Our parameter estimates are \(\hat{\sigma}^2_P = 0.3652\), \(\hat{\sigma}^2_L = 0.1611\), and \(\hat{\sigma}^2_{\varepsilon} = 0.0067\). Thus, we conclude that plant-to-plant variation is roughly twice as large as lea\(F\)-to-leaf variation within plants, and that both of these are much larger than sample-to-sample variation within leaves.
It is possible to generate an ANOVA table for the random-effects model. We could define sums-of-squares for each of the model terms in the following way: \[\begin{eqnarray*} SS(Plant) & = & \sum_{i=1}^4 \sum_{j=1}^3 \sum_{k=1}^2 \left( \bar{y}_{i++} - \bar{y}_{+++} \right)^2 \\ SS(Leaf(Plant)) & = & \sum_{i=1}^4 \sum_{j=1}^3 \sum_{k=1}^2 \left( \bar{y}_{ij+} - \bar{y}_{i++} \right)^2 \\ SS(Error) & = & \sum_{i=1}^4 \sum_{j=1}^3 \sum_{k=1}^2 \left( \bar{y}_{ijk} - \bar{y}_{ij+} \right)^2 \\ \end{eqnarray*}\] Each sum-of-squares is associated with a certain number of df:
source | df |
---|---|
Plant | 3 (= 4 - 1) |
Leaf(Plant) | 8 (= 12 - 1- 3) |
Error | 12 (= 24 - 1- 3 - 8) |
Total | 23 |
Something different has happened here.

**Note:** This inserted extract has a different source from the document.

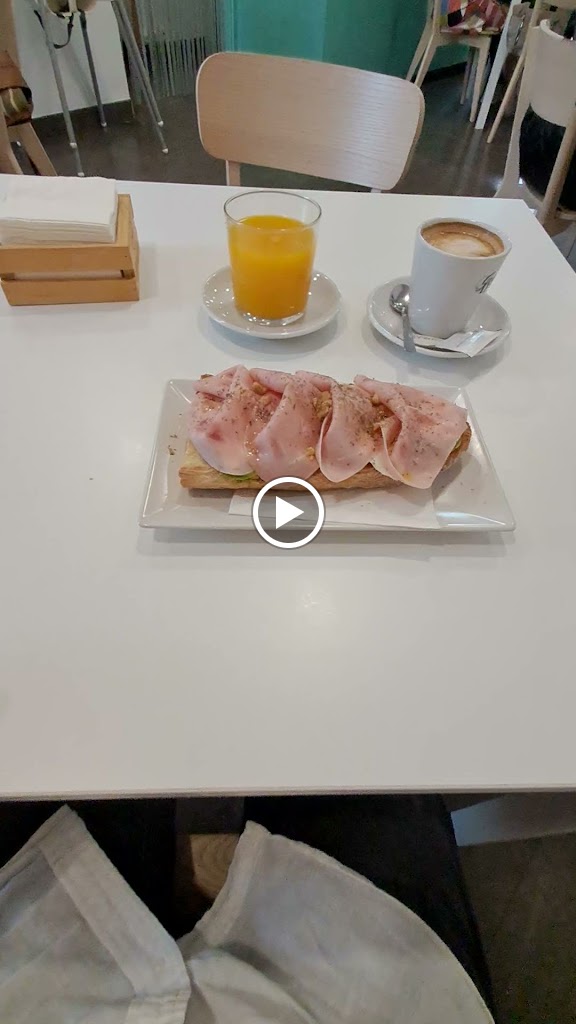 Cruixent pa i cafe — Videos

Because leaf is nested within plant, we have to deduct the df for the SS(Plant)from the df for SS(Leaf(Plant)). This is the general rule for nested factors. If factor ‘B’ is nested in factor ‘A’, then the df for SS(A) are subtracted from the df for SS(B(A)). (In fact, this explains why we’ve been deducting df for factorial effects from the df for error all along. The replicates are always nested within the factorial treatments, even though we haven’t thought of it in this way until now.)
In models in which the residual error is the only random effect, we have learned that the estimate of that error, \(\hat{\sigma}^2_{\varepsilon}\), is just equal to the MSE. Does this mean that we can equate MS(Plant) and MS(Leaf(Plant)) with \(\hat{\sigma}^2_P\) and \(\hat{\sigma}^2_L\), respectively? Unfortunately, in this case life isn’t that simple. As it turns out, there is a relationship between each of the mean squares and each of the variance components, but it’s complicated. One way to generate an ANOVA and learn about this relationship in SAS is to use the METHOD = TYPE3 option in PROC MIXED:
proc mixed data = turnip method = type3;
class Plant Leaf;
model y = ;
random Plant Leaf(Plant);
run;
Type 3 Analysis of Variance
Sum of
Source DF Squares Mean Square Expected Mean Square
Plant 3 7.560346 2.520115 Var(Residual) + 2 Var(Leaf(Plant))
+ 6 Var(Plant)
Leaf(Plant) 8 2.630200 0.328775 Var(Residual) + 2 Var(Leaf(Plant))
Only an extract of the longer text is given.